The basement has been analyzed at the neighbouring centre of Cerro Rico, where Ordovician shales and other Cretaceous and Tertiary formations form much of the basement. Three different cratons named Arequipa-Antofalla, Brazilian and Pampean underpin Bolivia and the Huarina belt, which is the zone that separates these cratons. Rocks from the cratons have influenced the composition of Cerro Rico stocks.

=== Composition ===

Kari-Kari has erupted welded tuffs that contain garnet. The so-called "moat deposit" also contains large clasts and an ash-fall deposit resulting from an eruption column collapse. The red-purple Canteria ignimbrite has similar composition but contains much less clastic components. The Kari-Kari tuffs fit the general pattern of El Fraile associated tuffs being Europium in Cerro Rico may have been contributed to by the Kari-Kari pluton. Potassium content in the rocks reaches 11%.

The Kari-Kari dome is formed by dacite-rhyodacite as well as granodiorite. Lead, tin and zinc form small veins in the dome. Fiammes of biotite and plagioclase stand out above the matrix that contains garnet and plagioclase. It also contains xenoliths both from Agua Dulce lavas and Paleozoic sediments. The Kumurana intrusion has a composition between granodiorite and quartz monzonite.

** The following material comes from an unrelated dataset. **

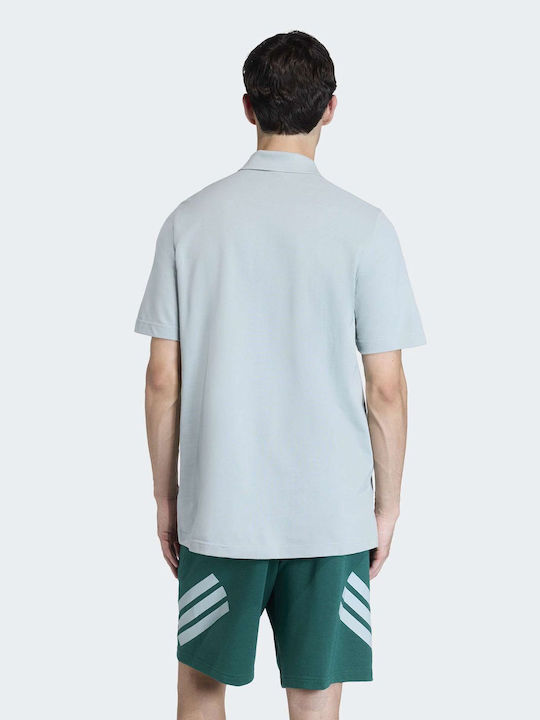adidas Shirt M Polo Μπλούζα Μπλε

Overall, the Kari-Kari rocks are peraluminous and originated from the amphibolite-granulite segment of the crust under the influence of magmatic underplating. Differentiation along mafic and peraluminous phases formed the eventual magma. The magma was predominantly formed from crustal phases. SiO_{2} content per weight is between 58–65%. These rocks were subsequently subject to hydrothermal alteration by boron- and chlorine-rich fluids which in multiple stages formed the mineral veins.

== Eruptive history ==

Activity in the Kari-Kari and neighbouring Los Frailes ignimbrite plateau spans 17,000,000 – 2,000,000 years ago. The Kari-Kari tuffs themselves were dated 20,100,000 – 21,950,000 years ago. These crystal rich welded tuffs accumulated within the caldera and have a volume of about 500 km3.

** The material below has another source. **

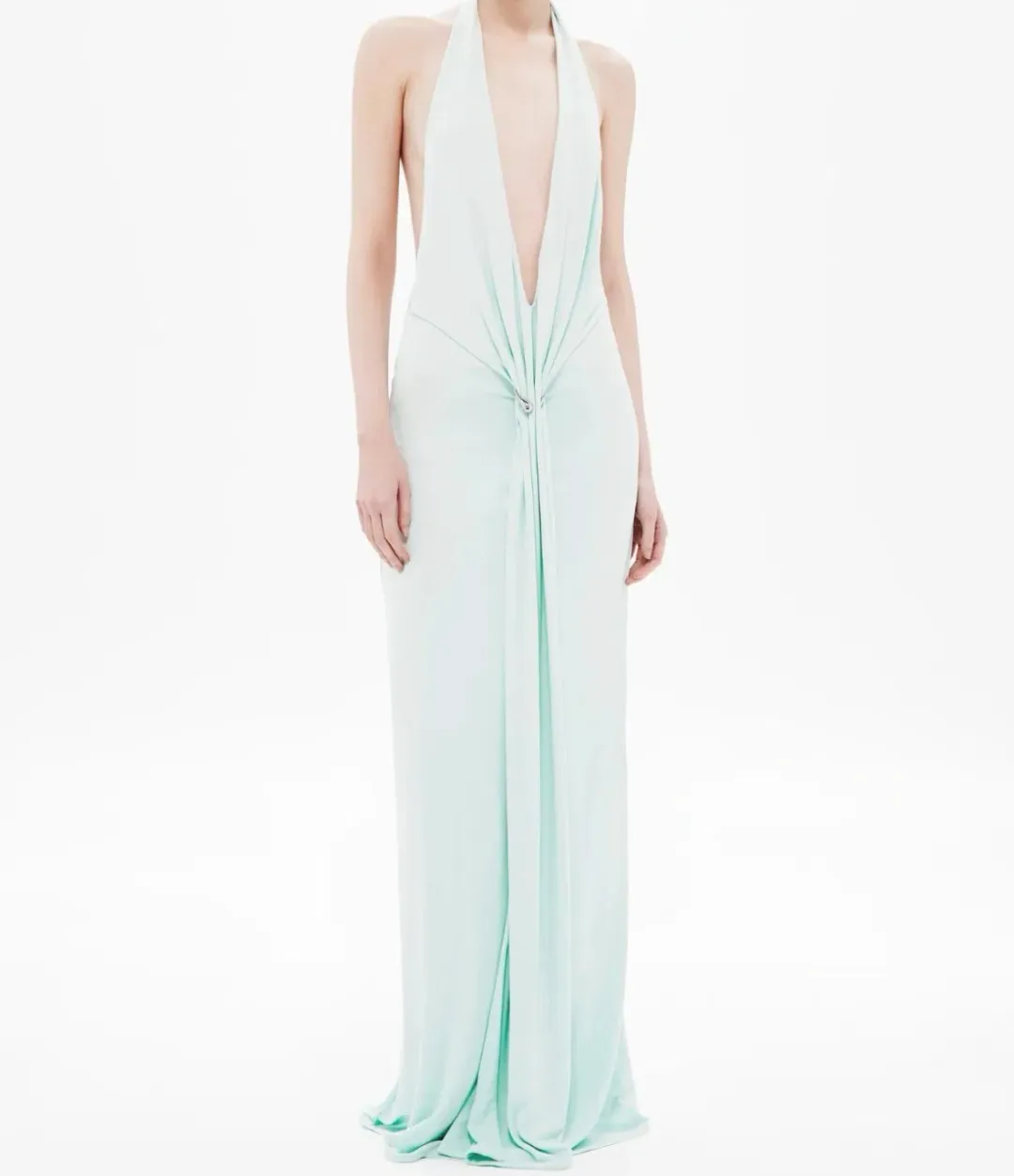 Misha The 'Unity' Jersey Dress Mint for rent on The Volte - main image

The Kari-Kari dome and Kumurana plutons were formed between 23,000,000 and 21,000,000 years ago. The Agua Dulce volcanics are of similar ages as the Kari-Kari dome, as is the Canteria ignimbrite. A weighed age estimate for the Agua Dulce, Kari-Kari, Kumurana and Canteria formations is 21,400,000 ± 400,000 years ago. Older ages of 42,510,000 to 45,480,000 are found in dykes and may reflect the age at which the pluton was emplaced. The Cerro Rico intrusion is 7,000,000 years younger than the main Kari-Kari caldera.